PACKING TIPS 101
10 Packing Tips for Your Family Ski Trip
You need a lot of stuff but it can be done

Going skiing requires a lot of preparation. Going with four children means a hallway groaning under the weight of stuff and endless jokes about not being able to fit it in the car this time.
For us, a ski trip means at least 7 hours of driving. This adds the extra challenge of things you need “at the top” to get through the journey which might extend into 10 hours if it’s snowing.
Still willing to try it?
We’ve done it many times, nevertheless, because we were not ready to give up on skiing just because we had triplets.
Here are the tips that survived all the trips.
- Dress in layers for the car trip
Kids may get nauseous if they are too hot, parents need to be nimble during the long drive, and you all need to stretch during breaks.

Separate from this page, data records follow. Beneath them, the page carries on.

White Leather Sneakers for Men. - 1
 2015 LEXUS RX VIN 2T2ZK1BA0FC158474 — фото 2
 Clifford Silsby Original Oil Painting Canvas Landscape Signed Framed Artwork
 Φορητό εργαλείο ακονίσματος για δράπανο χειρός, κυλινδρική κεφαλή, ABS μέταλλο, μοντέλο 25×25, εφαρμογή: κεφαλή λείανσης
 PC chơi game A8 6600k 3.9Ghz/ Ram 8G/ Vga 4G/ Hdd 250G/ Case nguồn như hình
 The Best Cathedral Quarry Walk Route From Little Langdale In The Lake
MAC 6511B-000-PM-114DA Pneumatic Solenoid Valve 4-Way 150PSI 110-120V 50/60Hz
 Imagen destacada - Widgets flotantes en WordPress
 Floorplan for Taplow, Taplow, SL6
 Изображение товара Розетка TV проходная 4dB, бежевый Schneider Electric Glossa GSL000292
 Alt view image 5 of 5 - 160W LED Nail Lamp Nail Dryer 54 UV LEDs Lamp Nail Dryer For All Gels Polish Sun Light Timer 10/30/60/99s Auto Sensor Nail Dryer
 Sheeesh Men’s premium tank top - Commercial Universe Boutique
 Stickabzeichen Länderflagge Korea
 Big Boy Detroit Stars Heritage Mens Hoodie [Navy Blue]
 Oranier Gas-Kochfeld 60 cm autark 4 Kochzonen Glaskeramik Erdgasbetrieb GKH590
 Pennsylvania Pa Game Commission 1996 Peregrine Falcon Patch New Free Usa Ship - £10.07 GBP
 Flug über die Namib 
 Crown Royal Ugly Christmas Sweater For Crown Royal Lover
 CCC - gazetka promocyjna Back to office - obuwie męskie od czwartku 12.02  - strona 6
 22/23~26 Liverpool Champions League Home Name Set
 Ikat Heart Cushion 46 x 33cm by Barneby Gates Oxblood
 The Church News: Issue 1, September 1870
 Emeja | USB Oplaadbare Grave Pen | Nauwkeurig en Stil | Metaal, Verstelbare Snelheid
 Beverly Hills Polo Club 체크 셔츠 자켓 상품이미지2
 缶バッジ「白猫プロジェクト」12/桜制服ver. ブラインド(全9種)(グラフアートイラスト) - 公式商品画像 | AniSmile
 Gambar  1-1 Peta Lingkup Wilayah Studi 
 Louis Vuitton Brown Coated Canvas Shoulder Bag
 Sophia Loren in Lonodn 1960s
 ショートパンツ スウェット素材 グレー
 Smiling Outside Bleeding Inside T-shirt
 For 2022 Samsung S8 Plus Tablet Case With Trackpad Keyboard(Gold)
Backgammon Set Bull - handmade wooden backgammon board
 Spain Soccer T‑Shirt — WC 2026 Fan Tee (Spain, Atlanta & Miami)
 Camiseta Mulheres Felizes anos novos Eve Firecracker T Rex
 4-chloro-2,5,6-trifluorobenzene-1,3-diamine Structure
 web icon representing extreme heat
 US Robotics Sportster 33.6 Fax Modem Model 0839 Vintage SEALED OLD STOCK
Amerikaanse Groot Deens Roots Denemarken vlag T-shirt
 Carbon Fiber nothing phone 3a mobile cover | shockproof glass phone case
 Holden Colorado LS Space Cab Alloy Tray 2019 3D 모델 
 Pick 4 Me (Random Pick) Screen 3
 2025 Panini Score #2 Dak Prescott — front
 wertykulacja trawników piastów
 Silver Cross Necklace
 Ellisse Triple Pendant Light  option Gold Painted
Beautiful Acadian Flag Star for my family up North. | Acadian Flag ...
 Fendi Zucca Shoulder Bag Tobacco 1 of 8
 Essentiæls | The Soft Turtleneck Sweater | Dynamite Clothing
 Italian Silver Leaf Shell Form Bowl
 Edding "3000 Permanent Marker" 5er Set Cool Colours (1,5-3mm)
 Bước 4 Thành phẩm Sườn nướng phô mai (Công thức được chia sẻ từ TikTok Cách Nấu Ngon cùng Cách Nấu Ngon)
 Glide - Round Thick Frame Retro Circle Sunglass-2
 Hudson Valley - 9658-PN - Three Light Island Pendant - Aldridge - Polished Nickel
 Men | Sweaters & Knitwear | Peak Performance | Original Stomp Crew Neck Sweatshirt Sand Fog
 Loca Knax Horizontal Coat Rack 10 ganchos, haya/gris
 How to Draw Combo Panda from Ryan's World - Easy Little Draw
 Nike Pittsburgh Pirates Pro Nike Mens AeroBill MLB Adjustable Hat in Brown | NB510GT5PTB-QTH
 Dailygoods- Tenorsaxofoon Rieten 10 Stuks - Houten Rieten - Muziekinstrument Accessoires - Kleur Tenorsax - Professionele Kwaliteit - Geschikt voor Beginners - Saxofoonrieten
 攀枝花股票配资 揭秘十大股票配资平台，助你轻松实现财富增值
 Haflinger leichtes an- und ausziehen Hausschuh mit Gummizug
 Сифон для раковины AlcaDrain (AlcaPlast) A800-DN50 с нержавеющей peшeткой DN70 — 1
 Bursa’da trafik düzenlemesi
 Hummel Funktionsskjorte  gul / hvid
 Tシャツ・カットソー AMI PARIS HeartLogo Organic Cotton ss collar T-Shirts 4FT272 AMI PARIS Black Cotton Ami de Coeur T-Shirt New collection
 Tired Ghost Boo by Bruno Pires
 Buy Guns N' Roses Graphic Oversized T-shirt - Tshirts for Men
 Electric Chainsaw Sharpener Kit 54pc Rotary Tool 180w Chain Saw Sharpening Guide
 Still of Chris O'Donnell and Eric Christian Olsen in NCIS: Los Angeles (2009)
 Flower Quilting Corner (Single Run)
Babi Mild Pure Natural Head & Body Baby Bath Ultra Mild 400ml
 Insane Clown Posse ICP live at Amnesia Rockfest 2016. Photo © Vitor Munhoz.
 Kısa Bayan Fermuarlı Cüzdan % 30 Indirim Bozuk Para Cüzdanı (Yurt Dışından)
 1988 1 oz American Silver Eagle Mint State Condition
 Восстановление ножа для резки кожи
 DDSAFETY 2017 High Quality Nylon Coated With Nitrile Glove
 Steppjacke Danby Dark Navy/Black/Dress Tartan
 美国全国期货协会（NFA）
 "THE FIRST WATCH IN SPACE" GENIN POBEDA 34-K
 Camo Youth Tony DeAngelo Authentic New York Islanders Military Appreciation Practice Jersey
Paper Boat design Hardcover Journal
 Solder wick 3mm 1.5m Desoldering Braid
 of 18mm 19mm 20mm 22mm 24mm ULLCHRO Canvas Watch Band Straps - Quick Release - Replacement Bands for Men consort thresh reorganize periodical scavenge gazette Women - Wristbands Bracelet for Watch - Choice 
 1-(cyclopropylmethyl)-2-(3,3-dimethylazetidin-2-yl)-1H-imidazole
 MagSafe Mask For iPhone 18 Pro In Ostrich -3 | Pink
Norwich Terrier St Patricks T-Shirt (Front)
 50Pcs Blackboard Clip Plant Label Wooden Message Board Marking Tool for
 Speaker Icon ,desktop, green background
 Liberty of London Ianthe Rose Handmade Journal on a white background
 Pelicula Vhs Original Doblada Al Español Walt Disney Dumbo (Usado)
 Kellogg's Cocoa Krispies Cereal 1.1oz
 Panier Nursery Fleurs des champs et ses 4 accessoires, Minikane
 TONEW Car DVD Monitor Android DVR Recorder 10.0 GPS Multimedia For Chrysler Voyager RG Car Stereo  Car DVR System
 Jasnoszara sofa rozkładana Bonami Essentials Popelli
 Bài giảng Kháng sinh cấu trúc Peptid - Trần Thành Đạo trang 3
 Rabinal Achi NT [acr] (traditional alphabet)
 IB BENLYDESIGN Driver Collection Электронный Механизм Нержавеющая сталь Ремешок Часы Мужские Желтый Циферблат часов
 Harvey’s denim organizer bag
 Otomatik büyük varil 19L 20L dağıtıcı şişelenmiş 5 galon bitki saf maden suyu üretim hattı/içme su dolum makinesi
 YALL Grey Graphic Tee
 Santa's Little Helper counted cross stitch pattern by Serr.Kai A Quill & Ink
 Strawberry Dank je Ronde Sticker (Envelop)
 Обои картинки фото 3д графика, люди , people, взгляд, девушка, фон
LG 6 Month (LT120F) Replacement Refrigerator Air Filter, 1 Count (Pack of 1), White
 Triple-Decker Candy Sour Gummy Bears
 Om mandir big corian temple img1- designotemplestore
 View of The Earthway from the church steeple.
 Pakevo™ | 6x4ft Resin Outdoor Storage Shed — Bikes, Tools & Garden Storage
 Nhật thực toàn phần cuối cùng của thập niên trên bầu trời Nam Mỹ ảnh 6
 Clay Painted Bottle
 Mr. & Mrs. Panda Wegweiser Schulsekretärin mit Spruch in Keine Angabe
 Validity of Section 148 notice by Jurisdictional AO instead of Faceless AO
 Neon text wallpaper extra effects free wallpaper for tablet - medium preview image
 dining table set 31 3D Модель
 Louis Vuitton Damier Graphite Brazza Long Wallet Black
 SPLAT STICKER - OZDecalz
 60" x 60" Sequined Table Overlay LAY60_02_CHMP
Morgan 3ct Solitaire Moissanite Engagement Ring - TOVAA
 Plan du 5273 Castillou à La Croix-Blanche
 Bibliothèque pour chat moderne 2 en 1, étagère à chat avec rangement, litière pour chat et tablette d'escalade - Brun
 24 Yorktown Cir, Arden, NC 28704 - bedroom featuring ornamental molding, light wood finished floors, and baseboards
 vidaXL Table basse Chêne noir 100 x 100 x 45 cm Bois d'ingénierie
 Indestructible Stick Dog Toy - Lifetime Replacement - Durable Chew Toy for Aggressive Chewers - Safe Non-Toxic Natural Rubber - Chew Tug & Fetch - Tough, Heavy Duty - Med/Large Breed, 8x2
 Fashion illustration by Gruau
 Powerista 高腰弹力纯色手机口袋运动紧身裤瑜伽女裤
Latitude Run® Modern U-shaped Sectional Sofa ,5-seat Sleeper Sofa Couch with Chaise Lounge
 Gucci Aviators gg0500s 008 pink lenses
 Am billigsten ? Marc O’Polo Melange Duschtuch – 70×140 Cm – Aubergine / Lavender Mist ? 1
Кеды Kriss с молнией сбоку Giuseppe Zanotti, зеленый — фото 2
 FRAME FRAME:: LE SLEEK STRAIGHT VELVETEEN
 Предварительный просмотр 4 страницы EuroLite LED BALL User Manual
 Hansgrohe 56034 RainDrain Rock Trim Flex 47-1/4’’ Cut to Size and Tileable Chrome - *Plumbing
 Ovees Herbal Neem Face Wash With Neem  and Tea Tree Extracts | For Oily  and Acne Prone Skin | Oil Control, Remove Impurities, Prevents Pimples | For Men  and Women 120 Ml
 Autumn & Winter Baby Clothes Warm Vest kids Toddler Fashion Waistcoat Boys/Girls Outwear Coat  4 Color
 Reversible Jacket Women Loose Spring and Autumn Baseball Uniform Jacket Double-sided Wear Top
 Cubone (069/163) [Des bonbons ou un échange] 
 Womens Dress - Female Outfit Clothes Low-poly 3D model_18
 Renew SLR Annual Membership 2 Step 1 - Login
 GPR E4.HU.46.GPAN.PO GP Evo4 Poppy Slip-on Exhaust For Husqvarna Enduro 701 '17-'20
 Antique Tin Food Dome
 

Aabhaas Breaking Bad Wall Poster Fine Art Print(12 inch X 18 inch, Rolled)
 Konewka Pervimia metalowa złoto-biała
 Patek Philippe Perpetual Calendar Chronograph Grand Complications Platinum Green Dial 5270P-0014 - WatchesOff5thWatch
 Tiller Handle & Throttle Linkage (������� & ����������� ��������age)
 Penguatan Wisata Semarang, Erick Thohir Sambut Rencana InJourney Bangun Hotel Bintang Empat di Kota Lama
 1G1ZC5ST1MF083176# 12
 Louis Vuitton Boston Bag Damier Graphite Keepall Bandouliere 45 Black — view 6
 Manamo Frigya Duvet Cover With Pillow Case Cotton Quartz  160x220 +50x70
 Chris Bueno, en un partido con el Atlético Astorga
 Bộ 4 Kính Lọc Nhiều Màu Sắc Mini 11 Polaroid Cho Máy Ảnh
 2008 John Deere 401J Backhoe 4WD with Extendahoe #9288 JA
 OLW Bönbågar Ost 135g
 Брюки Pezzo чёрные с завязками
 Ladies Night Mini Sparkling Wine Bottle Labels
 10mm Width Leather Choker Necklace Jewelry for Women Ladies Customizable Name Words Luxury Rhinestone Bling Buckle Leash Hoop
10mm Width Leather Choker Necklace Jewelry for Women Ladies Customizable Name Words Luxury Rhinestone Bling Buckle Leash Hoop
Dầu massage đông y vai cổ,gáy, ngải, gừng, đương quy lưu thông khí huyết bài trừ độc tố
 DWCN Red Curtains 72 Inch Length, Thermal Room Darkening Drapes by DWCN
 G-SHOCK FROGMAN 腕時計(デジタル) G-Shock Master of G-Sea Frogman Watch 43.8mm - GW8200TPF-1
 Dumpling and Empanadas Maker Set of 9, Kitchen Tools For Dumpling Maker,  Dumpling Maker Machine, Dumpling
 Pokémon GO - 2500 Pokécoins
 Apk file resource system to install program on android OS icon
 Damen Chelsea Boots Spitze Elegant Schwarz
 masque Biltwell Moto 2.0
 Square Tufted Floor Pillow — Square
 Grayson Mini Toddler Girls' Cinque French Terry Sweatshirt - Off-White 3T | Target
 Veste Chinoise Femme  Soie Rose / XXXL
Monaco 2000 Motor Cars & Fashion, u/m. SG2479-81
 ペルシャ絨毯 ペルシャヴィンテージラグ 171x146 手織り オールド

2. Remember that snow pants compress well
Squeeze all the air out, roll them tightly and shove the rolls into empty caverns in your trunk. Ski equipment is awkward to pack and you will have many small places to fill.
3. You don’t need a lot of other clothes
One pair of jeans for shopping and a set of loungewear to collapse after skiing is all you need. You will be so tired you will not want to do much. With kids, a movie in front of the fireplace counts as après-ski.
During our trips we try to go out at least once to walk around the village or most likely get extra groceries, and other than that, we are pooped.
4. Bring lunch supplies
Do your research before and know what amenities are available. It’s not just about the money, but your precious time and standing in lineups.
We usually bring tea in a thermos, snacks, and cut-up vegetables for lunch, and buy the rest — soup or sandwiches.
Sometimes, we bring sandwiches and only buy soup. Some cafeterias are very slow and you will wait a long time for your burger, but soups are ready-to-serve in big pots.
We bring veggies, apples and mandarins — it cheers up cafeteria lunches.
Consider packing a lunchbox, thermoses, ice packs, containers, tea bags, and a travel knife.
5. Slippers for cold floors
You will be going in winter. Most rental places will have hard floors. Carpets don’t make sense in a skiing cottage.
You will need something for shuffling around the kitchen and the cold tiled bathrooms floors.
You don’t want you ski socks wet before the day even started.
And you will be grateful to have something on your feet when all the stuff unravels in your hallway after a day of skiing.
As you shake the snow out of endless jackets and scarves, and wade through dripping puddles among the hordes of ski boots, keep your poor tired feet dry and don’t slip.
6. Electric boot & glove dryer
This might have to go to #1. For us, skiing as a family of six means twelve boots, twelve mittens, six balaclavas, six scarves and the rest of it that needs to be dried every evening and be ready for the next day.
The whole evening, while making dinner and monitoring the shower queue, you have to keep an eye on drying things.
You will hang things on chairs, drape them over the baseboards, spread them in front of the fireplace, or as a last resort use a hairdryer. You need to watch, switch, and rotate things. It is a tedious job that requires you to move and bend when you are stiff and creaky.
Our electric dryer can quickly dry four boots or four mittens at once. It is running the whole evening and it’s already paid off many times over.
7. Toe and hand warmers
These neat little packages are disposable but they can save you on a freezing day. You stick them on your ski socks and shove them into your mittens to keep your extremities from going numb.
You can buy them cheaply at Costco, or you will pay for them an arm and a leg at the chalet boutique.
8. Equipment maintenance kit
Depending on what you can do yourself, bring the edge sharpener, the wax for polishing the surface, and a screwdriver to adjust the bindings. Of course, the resort staff will do it for you , but you often have to wait in lineups, and time is precious on the mountain.
9. De-fogging spray for ski goggles
The best thing ever. You know what I mean if you ever had to scrape the ice from the inside of your goggles because you could no longer see where you were going.
10. Check and recheck your equipment
Once, we brought the wrong pair of boots and had to deal with rentals.
Another time, we miscalculated the number of poles and had to find a shop and buy a new set. Precious time lost.
Check everything : count the skis (twelve?), poles (twelve?), and boots (twelve again?) and put the goggles inside each helmet (six and six).
And then, drive carefully and enjoy the mountains. You are doing it all for the views, the air, and feeling alive.